Here are the synopses of the items currently held in Write-on’s Bottom Drawer — our active store of submitted manuscripts. From this collection, the weekly programme is carefully selected. Although we aim to follow a first-come, first-served system, a few important factors influence the running order. We try to maintain a healthy mix of genres — avoiding an evening made up entirely of poems or all short stories, for example. The presence of the author is also important: if someone isn’t at the session, we usually postpone their piece until they can hear the feedback in person. Timing is another key element. A ten-page story isn’t ideal at five minutes to nine. So the presenter balances each session — choosing a mix of short and long pieces to ensure a smooth flow from start to finish. Write-on prides itself on good timekeeping: we begin at 7:00 p.m. sharp and aim to wrap up by 9:00 p.m. If discussion runs over, members are always free to slip away without apology. In short: the Bottom Drawer is both a working archive and a curated selection pool — filled with gold, and always ready to shine.        

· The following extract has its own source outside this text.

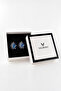 Güneş Tasarım Crystal-Looking Earrings - Special Day Accessory with Blue Stones - 2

MOTM (Mug Of The Month) with All Members Our monthly Mug of the Month challenges Members to provide a text of not more than 50 words, containing two given key words. On the last Thursday of the month, the submissions are presented at the start of the session, and then members vote for the winner, usually via a ballot list which is sent to the Write-On WhatsApp on their mobiles. The writer with the highest number of votes is entitled Mug of the Month, and is honoured by being the proud curator of the Mug he has won until the next competition (in which he/she is not allowed to participate). Always good fun, and amazing how much variety can result from Two Given Words. The words this month were: LIGHT and FALL. There are four entries.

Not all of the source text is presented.